When W Meets Science …

… science always loses.

More Scientific Sleight of Hand
William Fisher

NEW YORK, Nov 24 (IPS) – Most abstinence-until-marriage education programmes in the United States — which receive about 158 million dollars annually from the Department of Health and Human Services — are not reviewed for scientific accuracy before they are granted funding, according to a report by the Government Accountability Office released this week.

“Efforts by HHS and states to assess the scientific accuracy of materials used in abstinence-until-marriage education programmes have been limited,” the GAO report states.

“This is because HHS’s Administration for Children and Families (ACF) — which awards grants to two programmes that account for the largest portion of federal spending on abstinence-until-marriage education — does not review its grantees’ education materials for scientific accuracy and does not require grantees of either programme to review their own materials for scientific accuracy.”

GAO auditors contacted 10 states that receive funding from ACF for their abstinence-until-marriage programmes. It found that only half reviewed the programmes for scientifically accurate data on contraception, sexually transmitted infections and other information.

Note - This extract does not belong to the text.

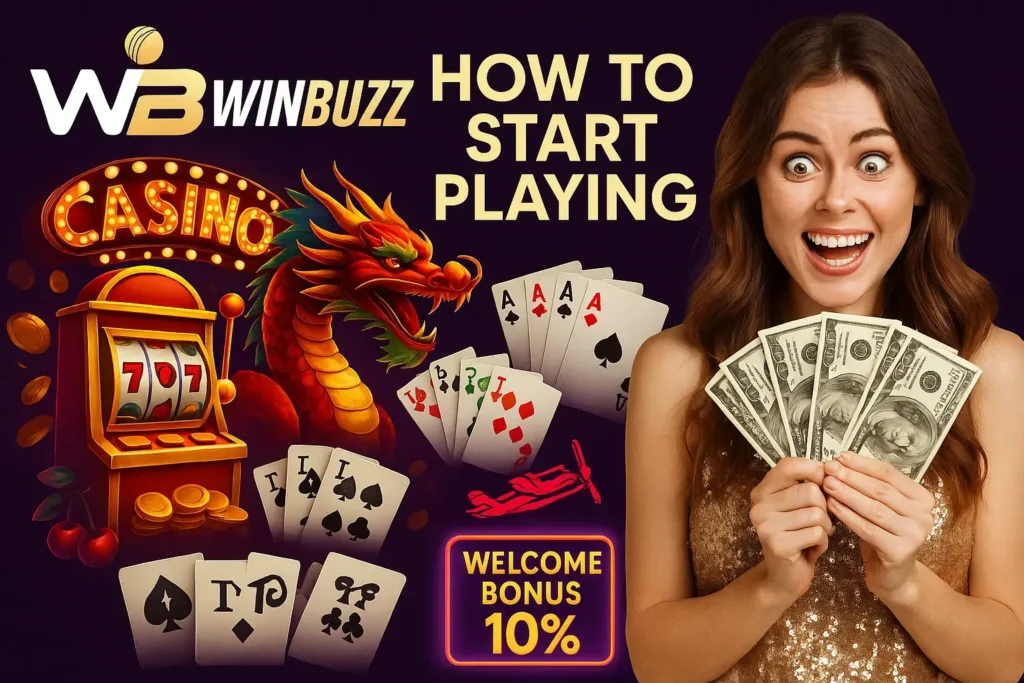 WinBuzz casino promotional image featuring a happy female player, slot machine, dragon, and game cards with a “Welcome Bonus 10%” offer.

The report also found that most state and federal efforts to assess the effectiveness of abstinence-until-marriage education programmes “do not meet the minimum scientific standards” that experts say are necessary to be scientifically valid.

The GAO report is the latest in a multi-year series of findings that the administration of President George W. Bush has systematically manipulated science to comply with ideology.

On the subject of abstinence education, the administration changed sex education performance measures to produce the appearance that scientific evidence supports abstinence-only programmes.

Pres. Bush has consistently supported the view that sex education should teach “abstinence only” and not include information on other ways to avoid sexually transmitted diseases and pregnancy. Until recently, the Centres for Disease Control (CDC) initiative called “Programmes That Work” identified sex education programmes that have been found to be effective in scientific studies and provided this information through its web site.